━━━━━ MATERIAL PROVIDED ━━━━━

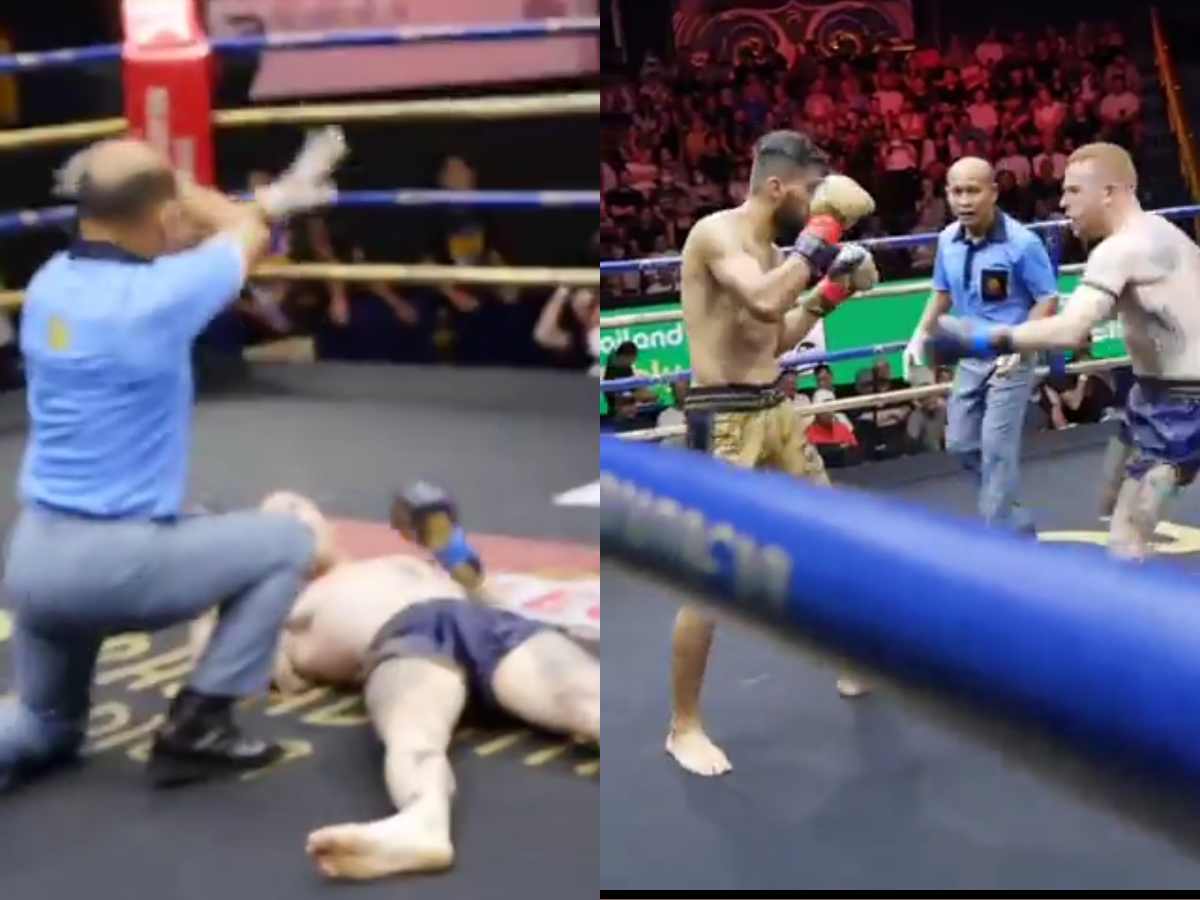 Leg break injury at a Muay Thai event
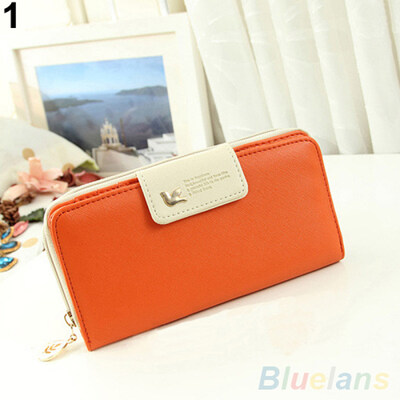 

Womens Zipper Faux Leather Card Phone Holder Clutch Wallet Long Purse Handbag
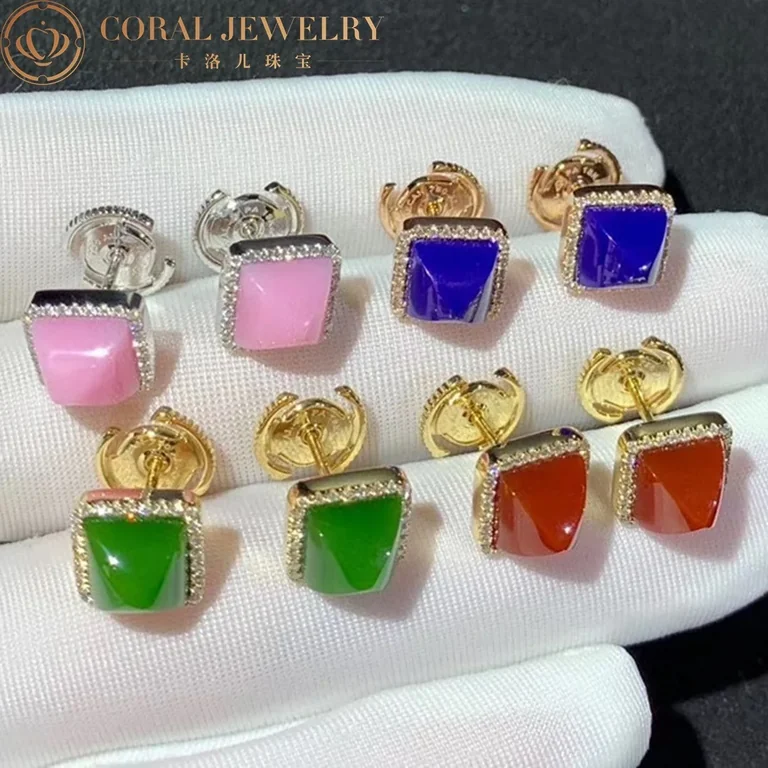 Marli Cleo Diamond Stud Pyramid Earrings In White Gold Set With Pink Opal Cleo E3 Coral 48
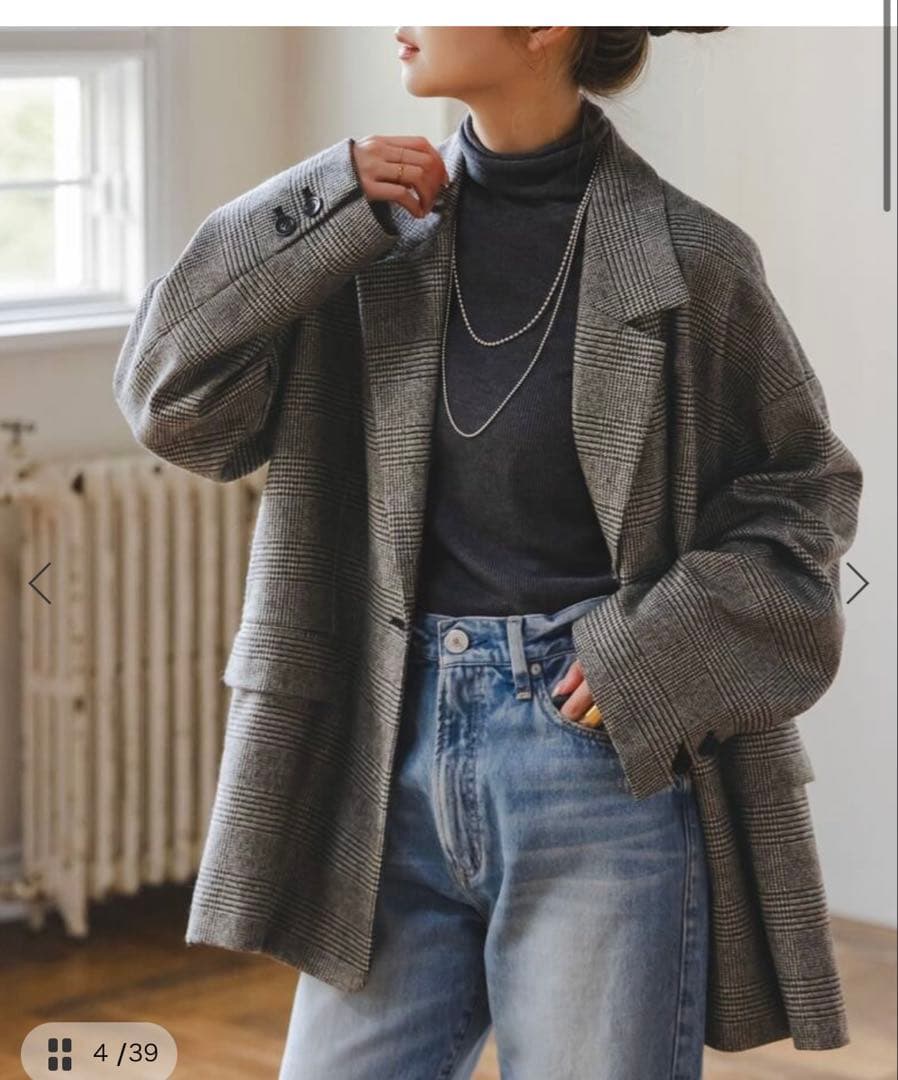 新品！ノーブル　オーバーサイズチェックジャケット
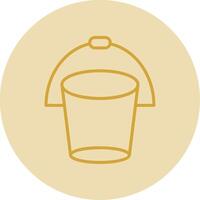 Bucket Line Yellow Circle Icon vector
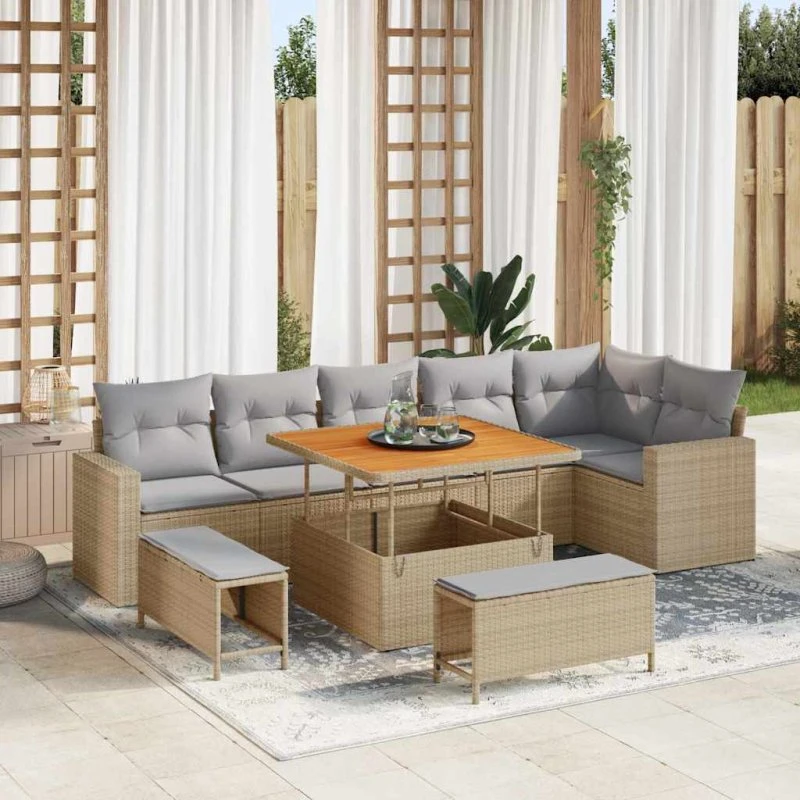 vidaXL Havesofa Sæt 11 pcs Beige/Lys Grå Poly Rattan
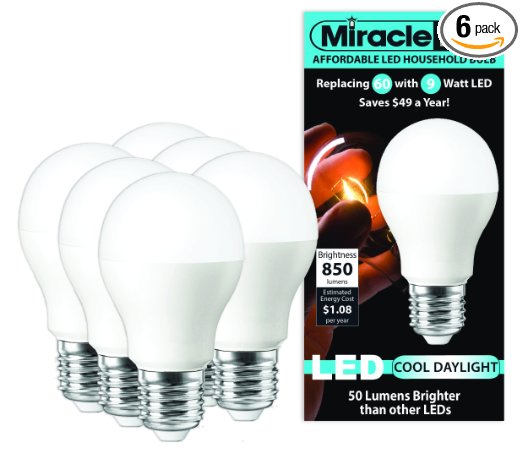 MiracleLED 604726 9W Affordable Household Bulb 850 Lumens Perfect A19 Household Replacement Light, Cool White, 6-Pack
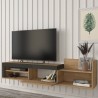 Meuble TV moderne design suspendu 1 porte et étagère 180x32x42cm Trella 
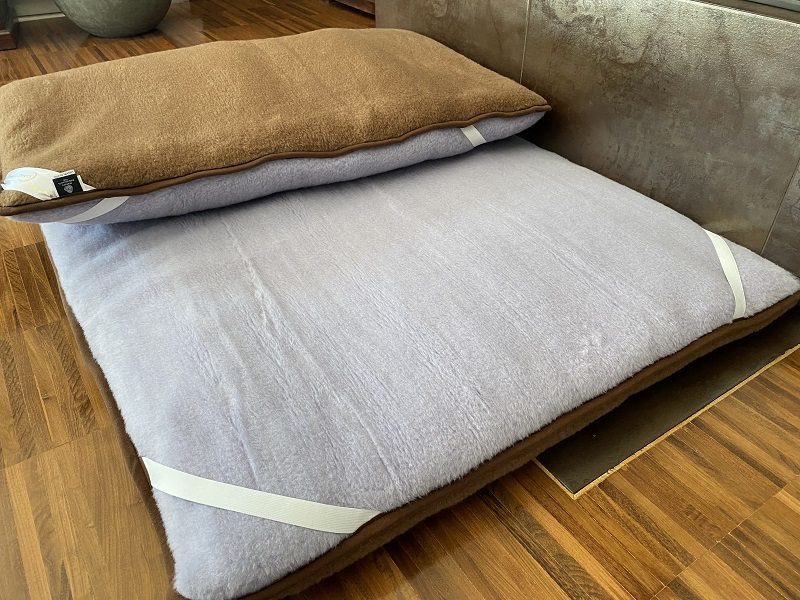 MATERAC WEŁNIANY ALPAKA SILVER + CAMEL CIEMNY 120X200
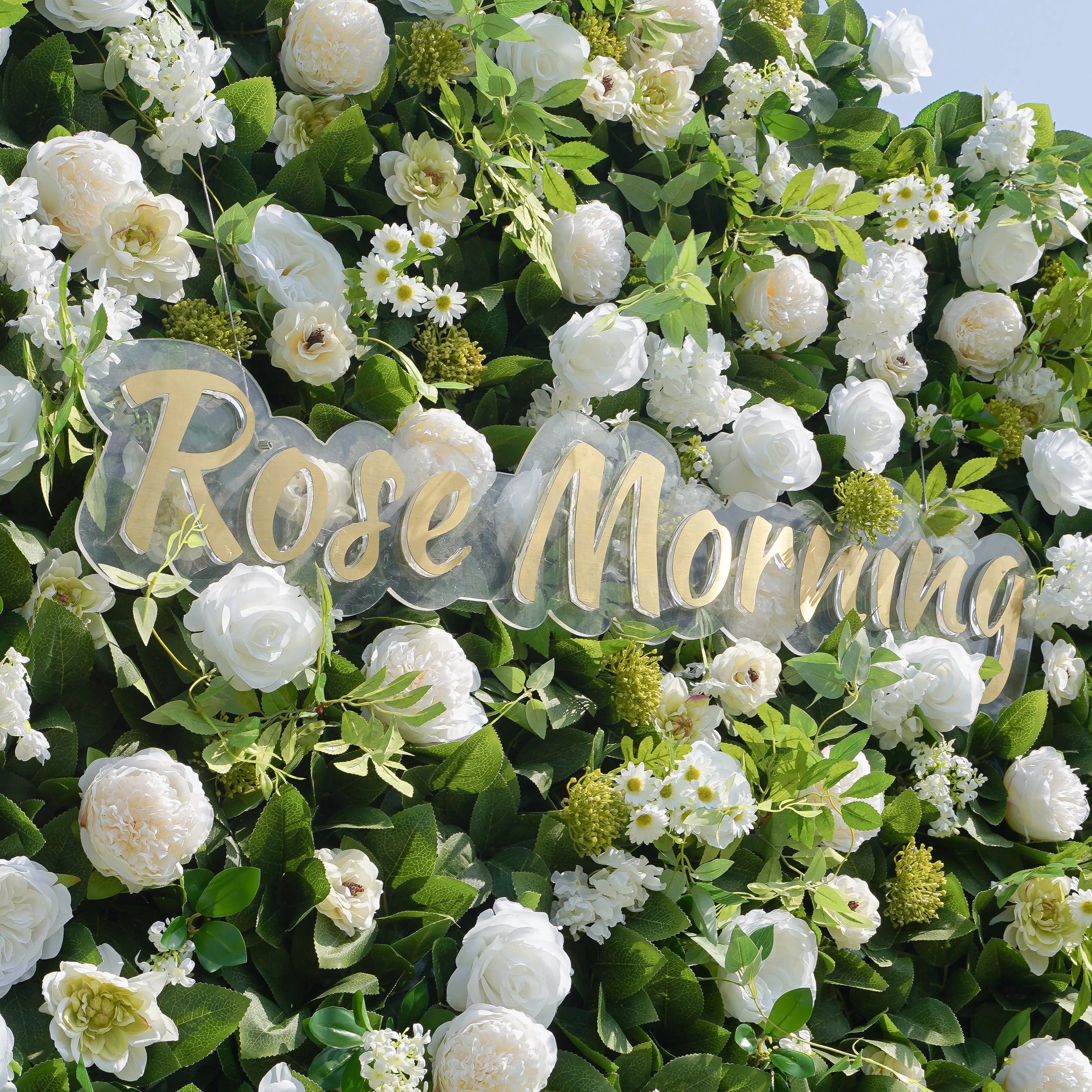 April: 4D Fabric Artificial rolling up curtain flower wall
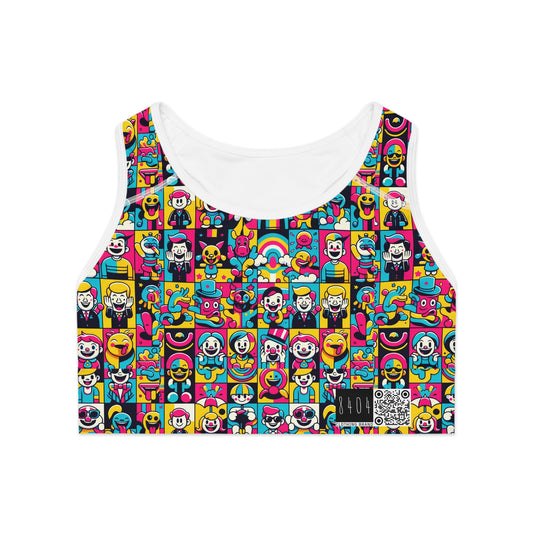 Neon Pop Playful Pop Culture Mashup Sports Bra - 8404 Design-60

━━━━━

--- TASK STATEMENT ---
Would you repeat the listing above exactly, minus the images?

--- ANSWER TO THIS TASK ---
 Leg break injury at a Muay Thai event

Womens Zipper Faux Leather Card Phone Holder Clutch Wallet Long Purse Handbag
 Marli Cleo Diamond Stud Pyramid Earrings In White Gold Set With Pink Opal Cleo E3 Coral 48
 新品！ノーブル　オーバーサイズチェックジャケット
 Bucket Line Yellow Circle Icon vector
 vidaXL Havesofa Sæt 11 pcs Beige/Lys Grå Poly Rattan
 MiracleLED 604726 9W Affordable Household Bulb 850 Lumens Perfect A19 Household Replacement Light, Cool White, 6-Pack
 Meuble TV moderne design suspendu 1 porte et étagère 180x32x42cm Trella 
 MATERAC WEŁNIANY ALPAKA SILVER + CAMEL CIEMNY 120X200
 April: 4D Fabric Artificial rolling up curtain flower wall
 Neon Pop Playful Pop Culture Mashup Sports Bra - 8404 Design-60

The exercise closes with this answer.